CH should fund repairs on public property
I live in Cleveland Heights and received an advertisement for a water-line protection program for covered repairs, i.e., insurance. A diagram in the ad illustrates coverage from the edge of the homeowner’s property to the home, not from the water main to the home, which leaves me in a quandary.
In Cleveland Heights, the mayor maintains a “policy” that repairs are the homeowner’s responsibility to the curb, or, practically, from the mains to a home, for both water and sewer. This means that the lines on public property, between the edge of the homeowner’s property and main, are the homeowner’s responsibility. Thus, according to the diagram in the ad, they are not covered by its water-line protection program.
Basic city services have declined in Cleveland Heights. Utility providers, including the city, have shifted the burden of repairing aging infrastructure to the homeowner, first from the meter to the property line, and now, according to the “policy,” from the property line to the curb. This is not in the interest of citizens, but rather throws them under the proverbial bus, [making them responsible] for repairs to lines on public property.
City point-of-sale inspections do not include water lines or sewer lines, which are not readily visible to new homebuyers. The liability for repairs to either the water or sewer lines can be significant, especially to young new buyers who can ill afford the cost and are not aware of the city’s policy. The cost for repairs to aging infrastructure could be spread through the city’s taxing power or through insurance. Now, neither seems to apply, and when such a repair is needed, an individual homeowner can get the short end of the stick.
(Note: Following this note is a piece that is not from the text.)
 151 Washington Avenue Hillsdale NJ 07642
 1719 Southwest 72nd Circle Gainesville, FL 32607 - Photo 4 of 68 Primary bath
CH City Council is complicit. Council could pass an ordinance which makes the city responsible for repairs on public property, moving [the homeowner’s] responsibility from the curb back to the property line. If council members really want to act in the interest of the citizens, an ordinance would move responsibility back to the meter. [The city has] the expertise and market power for these types of repairs. Now, citizens facing breaks in lines are forced to act and absorb the costs as individuals, while city officials hide behind the “policy.”
I know when I go to the polls this November I will be voting for change on Cleveland Heights City Council.
Robert Jefferis is a longtime resident of Cleveland Heights who cares about the city.